I make my way through life with more of a stumble. I’m the sort of person who trips over the only loose tile in the whole shop and drops their burger on the floor. I’m the one who always steps into a puddle on rainy days and slides on mud patches on bush walks. I’m the one who spills her Milo down the front of a clean white T-shirt or gets the ice block that falls off the stick halfway through.
I talked to Janice during Maths while we were supposed to be working on stuff from our textbooks.
‘Do you want to be Sarah’s understudy, instead of me?’
‘Why? Don’t you want to do it?’
‘Not really. I don’t mind learning the lines but I’m useless at the dances.’
‘No thanks. I would be useless at learning lines,’ said Janice hastily. ‘Anyway, I was hoping I could be a fairy. I’ve asked Gemma and she said that maybe there could be a space for me.’
‘Really?’ I asked in amazement. ‘But Gemma never lets anyone else into her group. You know that.’
‘Well, she said she’d think about it,’ said Janice defensively. She must have really wanted to be a fairy but she was doomed to disappointment. Brian had already told her she could be a witch as she would be perfect for the part.

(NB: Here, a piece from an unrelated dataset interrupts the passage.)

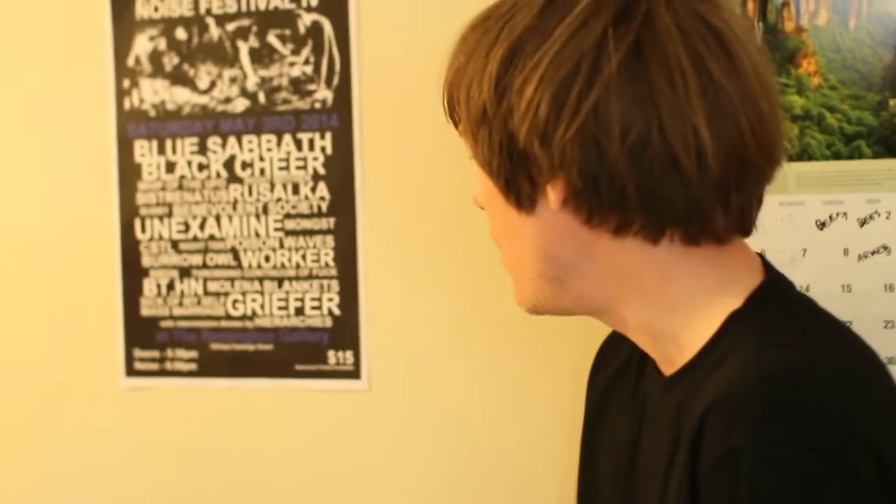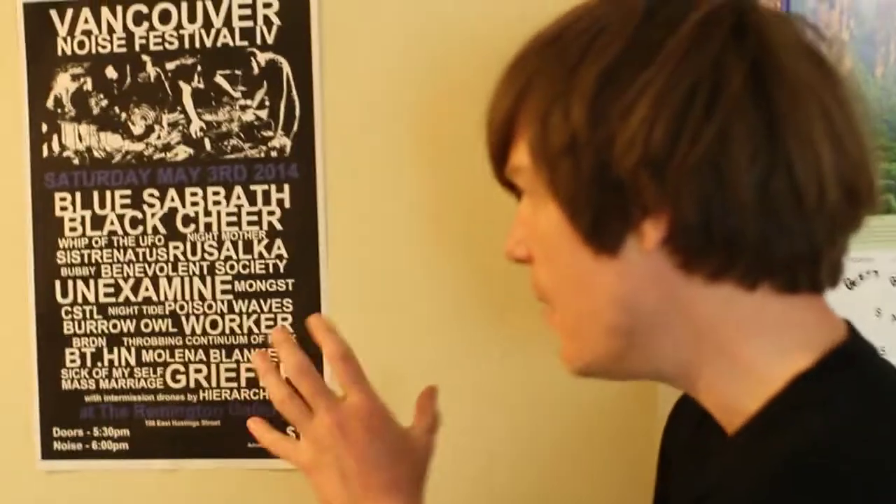My band's called Whip of the UFO. This is where we just were — I just played the Vancouver Noise Fest. And is everybody else, you know, noisemakers? Oh yeah, this is like every single act here did harsh noise.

We thought she was rehearsing, as she kept going around muttering, but I got close enough to hear her one day. I was a bit shocked to hear her muttering curses about Gemma and Brian but she wasn’t a real witch so I didn’t think they had anything to worry about. I made sure there were no brooms around, just in case.
Sarah felt sorry for Janice, who was being very obviously unhappy at not having a better part, so she said, ‘Janice, why don’t you help Joey to work the sound system?’
‘Yeah, great,’ said Janice enthusiastically, and went over to stand behind Joey. ‘What does this button do?’
‘Don’t touch that,’ howled Joey, leaping to stand protectively in front of the control panel.
‘I was only asking,’ snapped Janice.
‘Well don’t push anything until I tell you to,’ Joey mumbled.
Joey looked really annoyed. He’s a weedy little kid who doesn’t say much, and most of the time you don’t even notice he’s in the classroom, but he’s a whiz at anything electronic. He even helps some of the Senior boys when they do their videoing and lighting effects and he was not pleased to be given Janice as an assistant. She stood and breathed heavily beside him saying, ‘do I do it now?’ until it was time to throw the switch. The rest of the time she just went around muttering curses, like I said, and when she was actually rehearsing she stood at the back of the group of witches and scowled.